De l’abbé Danziec dans Valeurs Actuelles :
Dans un collège privé, la catéchiste interroge les élèves présents au cours (non obligatoire) d’instruction religieuse : « qu’est-ce que le carême ? ». Une main hésitante se lève pour une réponse incertaine : « Le carême, c’est pas un peu le ramadan des catholiques madame ? ». Voilà donc l’ignorance crasse en matière religieuse à laquelle ont abouti cinquante ans de prédication hasardeuse et de logique d’enfouissement de l’Eglise en France.
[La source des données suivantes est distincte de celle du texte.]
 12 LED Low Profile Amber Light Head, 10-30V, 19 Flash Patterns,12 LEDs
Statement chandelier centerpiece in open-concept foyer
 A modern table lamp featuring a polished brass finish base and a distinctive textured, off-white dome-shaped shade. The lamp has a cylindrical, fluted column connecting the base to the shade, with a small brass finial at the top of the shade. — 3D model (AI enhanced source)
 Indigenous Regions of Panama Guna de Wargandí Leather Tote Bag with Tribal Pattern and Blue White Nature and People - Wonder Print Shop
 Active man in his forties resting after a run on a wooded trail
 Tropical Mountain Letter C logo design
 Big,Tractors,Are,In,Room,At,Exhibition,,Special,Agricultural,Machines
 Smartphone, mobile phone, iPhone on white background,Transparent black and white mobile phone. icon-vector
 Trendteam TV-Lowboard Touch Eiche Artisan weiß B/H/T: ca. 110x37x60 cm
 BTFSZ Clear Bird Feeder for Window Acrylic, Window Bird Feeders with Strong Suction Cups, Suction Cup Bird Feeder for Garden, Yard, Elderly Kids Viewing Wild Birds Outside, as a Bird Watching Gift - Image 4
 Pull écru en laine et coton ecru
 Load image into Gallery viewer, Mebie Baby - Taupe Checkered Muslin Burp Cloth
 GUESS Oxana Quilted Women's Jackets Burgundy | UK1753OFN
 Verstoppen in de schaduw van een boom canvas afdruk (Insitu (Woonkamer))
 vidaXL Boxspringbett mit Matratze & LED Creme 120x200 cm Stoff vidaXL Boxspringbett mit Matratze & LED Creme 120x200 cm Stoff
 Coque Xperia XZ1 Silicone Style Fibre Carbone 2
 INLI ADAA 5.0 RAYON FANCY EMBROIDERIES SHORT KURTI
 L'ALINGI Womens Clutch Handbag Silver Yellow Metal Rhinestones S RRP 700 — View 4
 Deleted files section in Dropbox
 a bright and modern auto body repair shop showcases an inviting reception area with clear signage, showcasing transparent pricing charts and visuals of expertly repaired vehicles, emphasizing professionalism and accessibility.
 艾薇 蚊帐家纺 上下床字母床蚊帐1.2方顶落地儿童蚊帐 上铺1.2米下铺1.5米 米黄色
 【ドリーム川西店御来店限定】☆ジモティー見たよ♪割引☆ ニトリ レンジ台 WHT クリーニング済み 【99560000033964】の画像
Non seulement, une quantité non-négligeable de personnes – de baptisés même – ignore aujourd’hui la signification profonde du carême, mais ils sont de plus en plus nombreux à le définir en référence à un islam plus visible, plus affirmatif et plus décomplexé.
Les rigueurs de circonstance que s’imposent catholiques et musulmans en ces périodes ne sont pas seulement différentes dans leurs contours. Elles divergent également quant à leur but. Le chrétien est appelé à se comporter aux yeux du monde comme s’il ne jeûnait pas « pour que ton jeûne soit connu, non des hommes, mais de ton Père qui est là dans le secret ; et ton Père, qui voit dans le secret te le rendra » (Mt 6, 16-18). A l’inverse, le Ramadan s’accompagne d’une surveillance étroite de chaque musulman dans la “communauté des croyants”. Le courageux maire de Montfermeil, Xavier Lemoine, rapportait son expérience du ramadan dans sa ville, évoquant la police des poubelles effectuée entre voisins pour s’enquérir de la stricte observance des prescriptions coraniques dans le quartier ou encore le piétinement des goûters des élèves chrétiens ou sans confession par les élèves musulmans dans les cours d’école de sa ville.
Lors du Ramadan, dès le coucher du soleil, tous les interdits cessent pour le musulman. Pour le chrétien, il ne s’agit pas de compenser le soir ce dont on s’est privé durant la journée mais de faire œuvre de sacrifices discrets et de renoncements joyeux. De s’exercer patiemment à toutes les privations que sa conscience lui indique devant Dieu : l’alimentation, les écrans, les dépenses futiles. Cette grande retraite annuelle des fidèles vise à renouveler les cœurs, par un soin plus diligent porté à la vie de prière, au dépouillement, au travail des vertus, le tout couronné par une confession sincère de ses fautes.
Comme le souligne Annie Laurent, spécialiste de l’Islam, alors que dans le Ramadan l’accent est mis sur l’exercice de la volonté et l’obéissance à Allah qui en a commandé l’observance, le carême est une réalité avant tout spirituelle et personnelle. Tandis que le ramadan relève d’un pilier injonctif dépourvu de toute signification autre que la soumission (qui est le sens même du mot « islam »), le carême relève d’une invitation à se convertir au Christ. Un combat intérieur à la mesure d’un Dieu aimé, qui rappelle la haute valeur civilisatrice du sacrifice offert gratuitement.
Pour Hélie de Saint-Marc « si rien n’est sacrifié, rien n’est obtenu ». La leçon chrétienne du carême appartient à cette veine. Dans la société du moindre effort, elle a même la valeur d’une leçon de survie.